As poor folk say, ‘The world’s divided ill.’
On every pleasure men can buy with gold
He surfeited; and now, diseased and old,
He lives abroad; a firm in Molesworth Street
Doing what their attorneyship thinks meet.
The rule of seventy properties have they.
Wide waves the meadow on a summer day,
Far spread the sheep across the swelling hill,
And horns and hooves the daisied pasture fill;
A stout and high enclosure girdles all,
Built up with stones from many a cottage wall;
And, thanks to Phinn and Wedgely’s thrifty pains,
Not one unsightly ruin there remains.
Phinn comes half-yearly, sometimes with a friend,
Who writes to Mail or Warder to commend
These vast improvements, and bestows the term
Of ‘Ireland’s benefactors’ on the firm,
A well-earn’d title, in the firm’s own mind.
Twice only in the memory of mankind
Lord Crashton’s proud and noble self appear’d;
Up-river, last time, in his yacht he steer’d,
With Maltese valet and Parisian cook,
And one on whom askance the gentry look,
Altho’ a pretty, well-dress’d demoiselle -
Not Lady Crashton, who, as gossips tell,
Goes her own wicked way. They stopp’d a week;
Then, with gay ribbons fluttering from the peak,
And snowy skirts spread wide, on either hand
The Aphrodite curtsied to the land,
And glided off. My Lord, with gouty legs,
Drinks Baden-Baden water, and life’s dregs,
With cynic jest inlays his black despair,
And curses all things from his easy chair. \


“The Eviction”

In early morning twilight, raw and chill,
Damp vapours brooding on the barren hill,
Through miles of mire in steady grave array
Threescore well-arm’d police pursue their way;
Each tall and bearded man a rifle swings,
And under each greatcoat a bayonet clings:
The Sheriff on his sturdy cob astride
Talks with the chief, who marches by their side,
And, creeping on behind them, Paudeen Dhu
Pretends his needful duty much to rue.
Six big-boned labourers, clad in common freize, \
Walk in the midst, the Sheriff’s staunch allies;
Six crowbar men, from distant county brought, -
Orange, and glorying in their work, ‘tis thought,
But wrongly,- churls of Catholics are they,
And merely hired at half a crown a day.
The hamlet clustering on its hill is seen,
A score of petty homesteads, dark and mean;
Poor always, not despairing until now;
Long used, as well as poverty knows how,
With life’s oppressive trifles to contend.
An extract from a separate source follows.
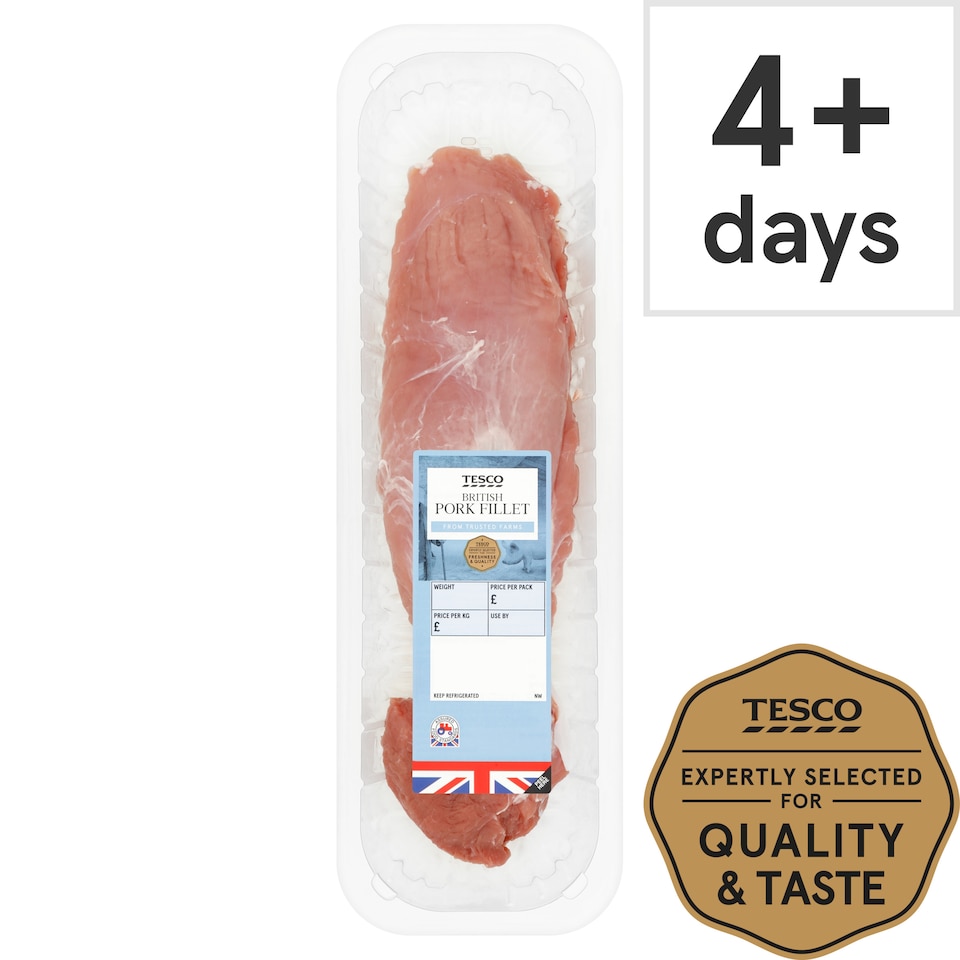 image 1 of Tesco Pork Fillet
This day will bring its history to an end.
Moveless and grim against the cottage walls
Lean a few silent men: but someone calls
Far off; and then a child ‘without a stitch’
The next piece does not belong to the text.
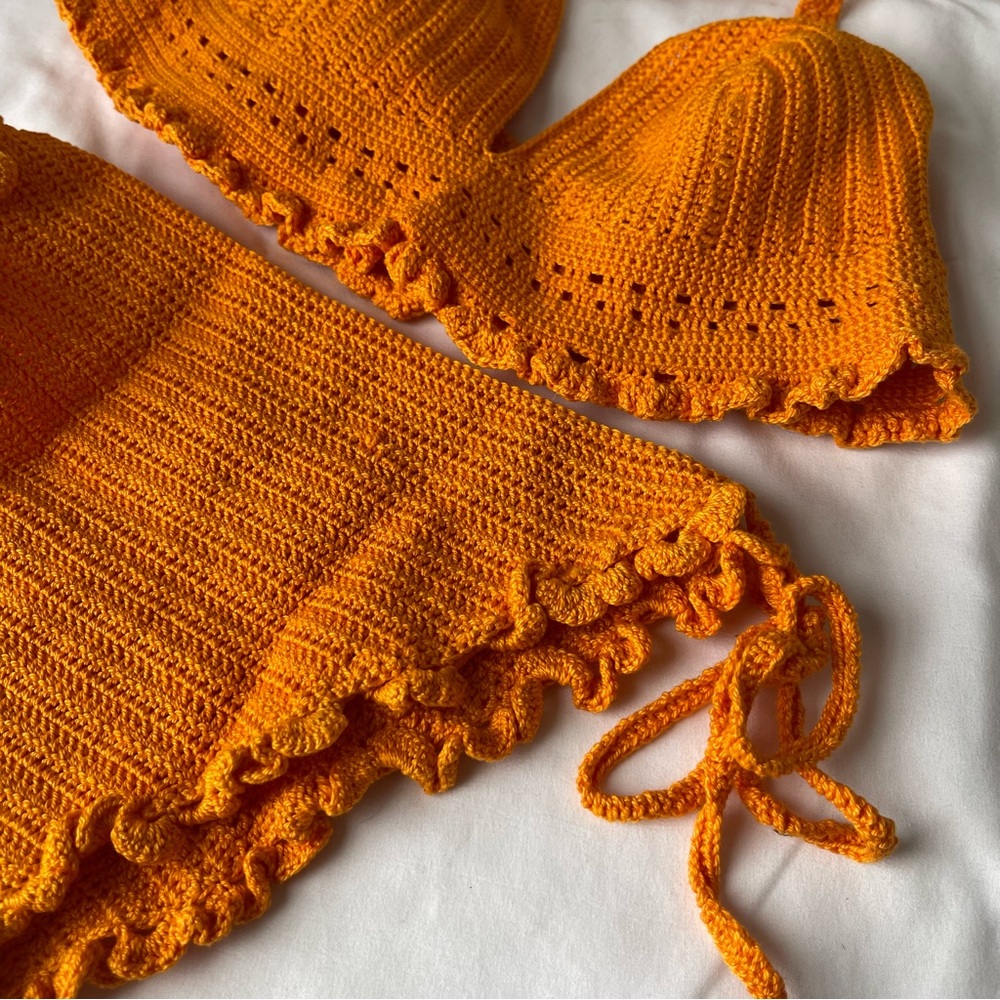 Crochet Bikini Set - Picture 5 of 6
Runs out of doors, flies back with piercing screech,
And soon from house to house is heard the cry
Of female sorrow, swelling loud and high,
Which makes the men blaspheme between their teeth. \
Meanwhile, o’er fence and watery field beneath,
The little army moves through drizzling rain;
A ‘Crowbar’ leads the Sheriff’s nag; the lane
Is enter’d, and their plashing tramp draws near,
One instant, outcry holds its breath to hear
“Halt!” - at the doors they form in double line,
And ranks of polish’d rifles wetly shine.
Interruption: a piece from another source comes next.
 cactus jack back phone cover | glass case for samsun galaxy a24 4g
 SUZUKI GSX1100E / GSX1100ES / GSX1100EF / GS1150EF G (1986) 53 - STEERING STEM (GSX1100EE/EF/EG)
The Sheriff’s painful duty must be done;
He begs for quiet-and the work’s begun.
The strong stand ready; now appear the rest,
Girl, matron, grandsire, baby on the breast,
And Rosy’s thin face on a pallet borne;
A motley concourse, feeble and forlorn.
One old man, tears upon his wrinkled cheek,
Stands trembling on a threshold, tries to speak,
But, in defect of any word for this,
Mutely upon the doorpost prints a kiss,
Then passes out for ever. Through the crowd
The children run bewilder’d, wailing loud;
Where needed most, the men combine their aid;
And, last of all, is Oona forth convey’d,
Reclined in her accustom’d strawen chair,
Her aged eyelids closed, her thick white hair
Escaping from her cap; she feels the chill,
Looks round and murmurs, then again is still.
Now bring the remnants of each household fire;
On the wet ground the hissing coals expire;
And Paudeen Dhu, with meekly dismal face,
Receives the full possession of the place.